The ingestion module is where the platform stops being a toy. Lesson 1 of foundations builds tables from VALUES; ingestion replaces that with dlt pipelines that pull three real Scandinavian and international news-recommendation datasets into local Parquet files queryable by DuckDB.

The point of the module is not “we can call an HTTP endpoint.” The point is that each publisher has its own raw shape, and the ingestion layer has to preserve that fidelity while still letting downstream models work against a canonical unified view.

  • EB-NeRD is the primary substrate. Released by Ekstra Bladet (inside the JP/Politikens media group), it carries Danish article text, per-article sentiment scores, and impression logs at real volume.
  • Adressa adds a Norwegian local-news comparison point. Different session shape, no sentiment scores, more cold-start sparsity.
  • MIND is the Microsoft News dataset — English, broader category taxonomy, longer impression slates. It tests whether the platform survives a publisher whose semantics differ at the schema level.

The cross-publisher work is the test of the architectural claim. If the ranker, evaluation, and editor only worked on EB-NeRD, the platform would not actually be a platform — it would be a single-publisher application with a docs site stapled on.

The ingestion code lives in tutorial/serving/src/serving/dlt_pipeline.py. Three dlt sources land into local Parquet under data/raw/<publisher>/, git-ignored by design (ADR-0014: data is regenerated or re-downloaded, never committed). The Dagster wrapping that exposes each source as a materialisable asset is in tutorial/serving/src/serving/definitions.py — see the orchestration module for how schedules and sensors are wired on top.

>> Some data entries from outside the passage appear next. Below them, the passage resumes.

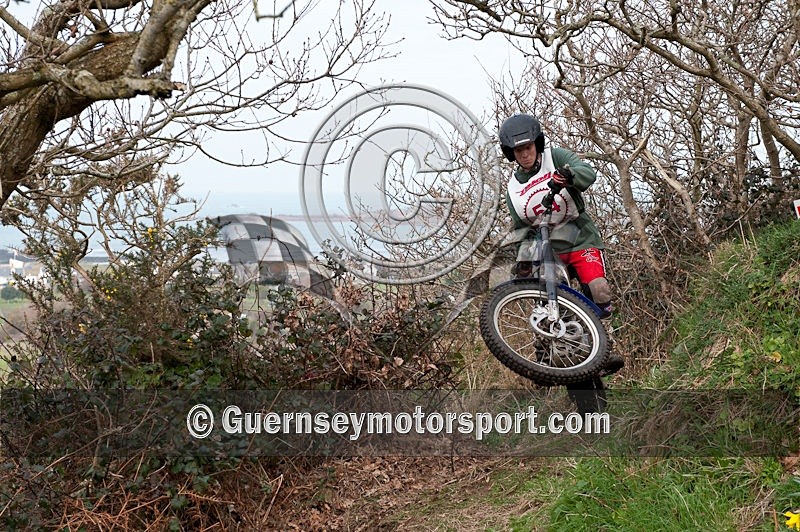 Two Day-73 - 2009 2-DAY TRIALS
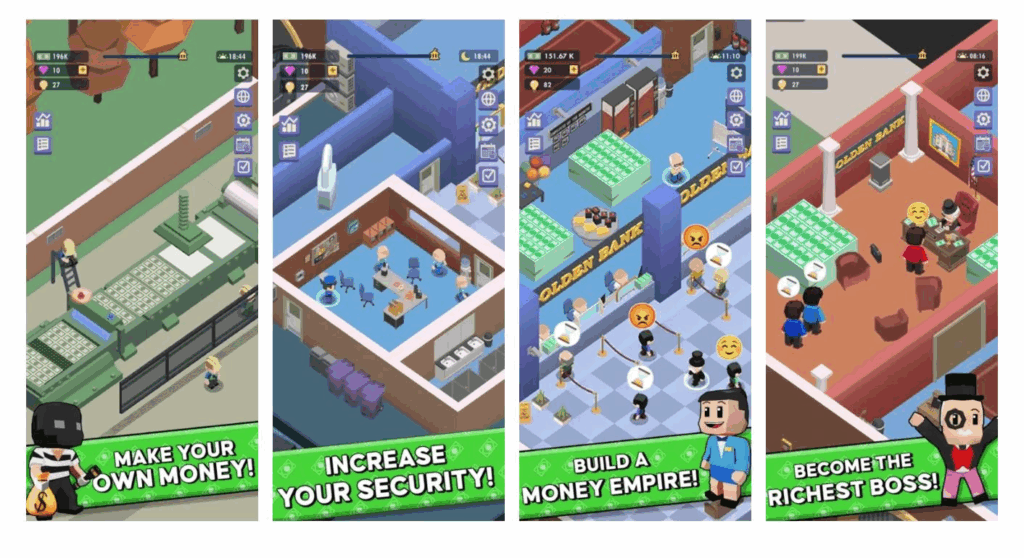 ZBD's SDK Powers Bitcoin Earnings in Mobile Games, Driving 124% Revenue Growth for Developers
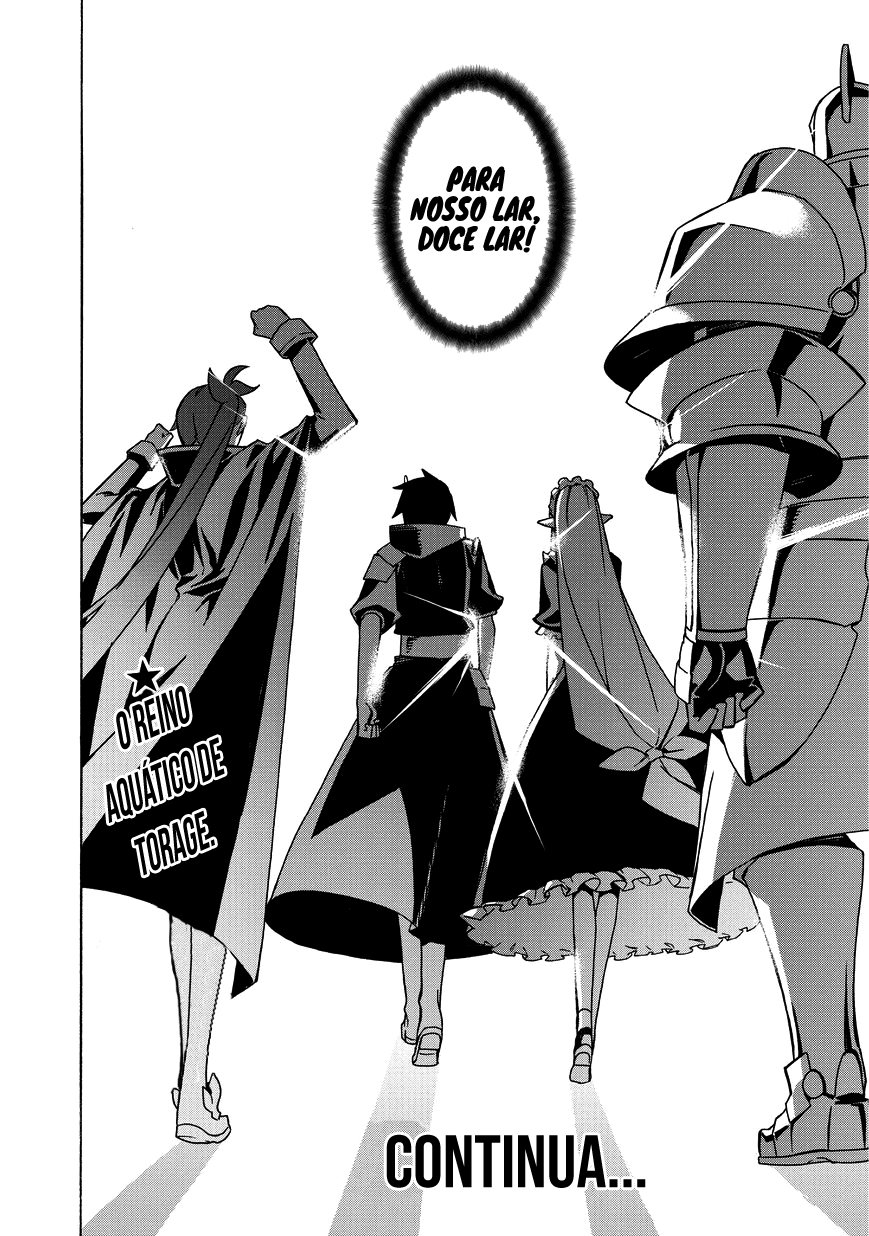 Black Summoner Capítulo 22.1 Página 19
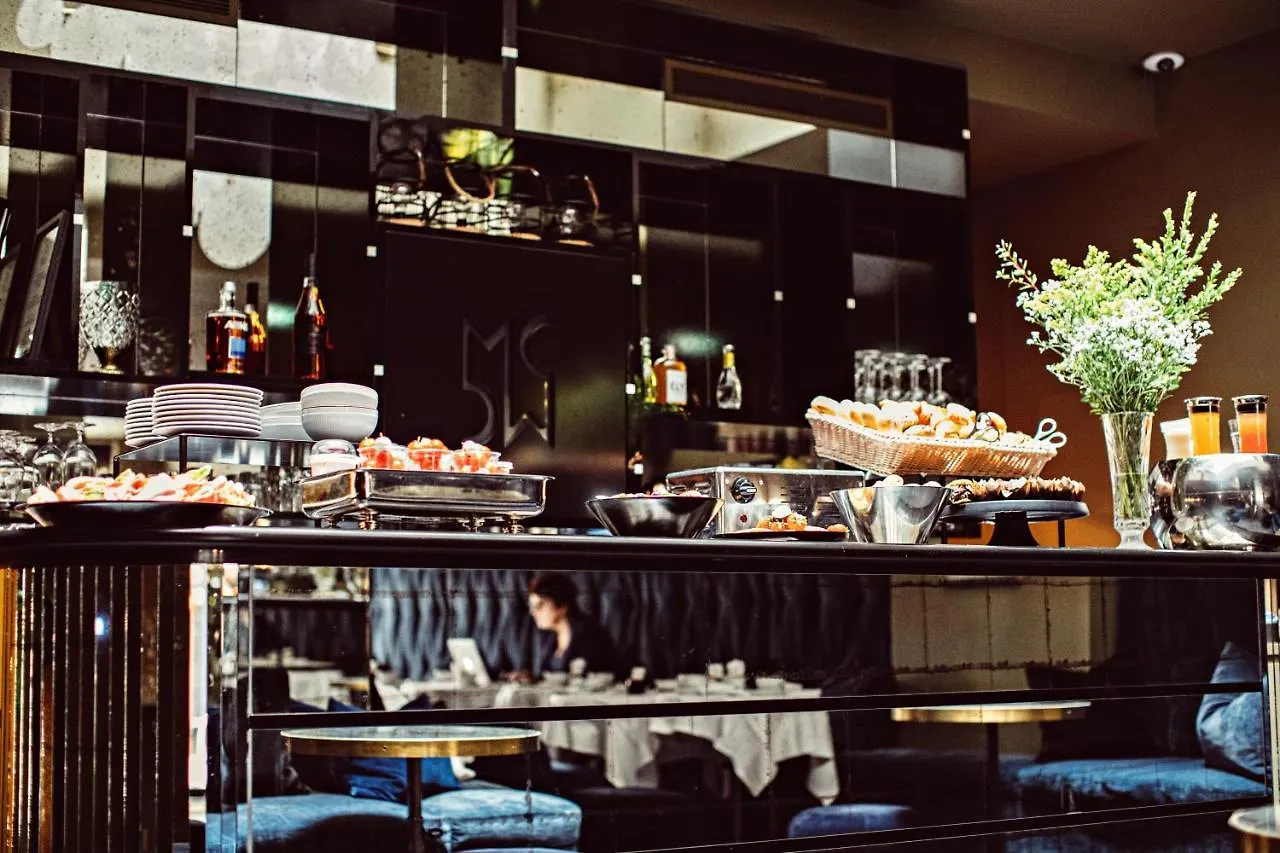 Monsieur Cadet Hotel & Spa Paris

Tests anchor the publisher-specific behaviour:

The whole module’s payoff is one downstream view: stg_unified_impressions (source). It is the first place every publisher meets on equal terms — user_id, article_id, event_type, event_at, publisher. Everything publisher- specific stays in stg_<publisher>_* models; everything cross-publisher reads from the unified view.

That boundary is not just plumbing. It is how the platform keeps comparison honest. A sentiment metric cannot pretend Adressa has EB-NeRD’s sentiment_score. The ranker degrades gracefully (the sentiment soft-term contributes zero when no score exists), and the evaluation harness reports metric availability per publisher rather than inventing values. Graceful degradation is an accountability feature.

Once data is landed and unified, transformation reshapes it into mart-level features: article metadata, user histories, embeddings. Orchestration is where the dlt sources become Dagster assets with checks, schedules, and sensors.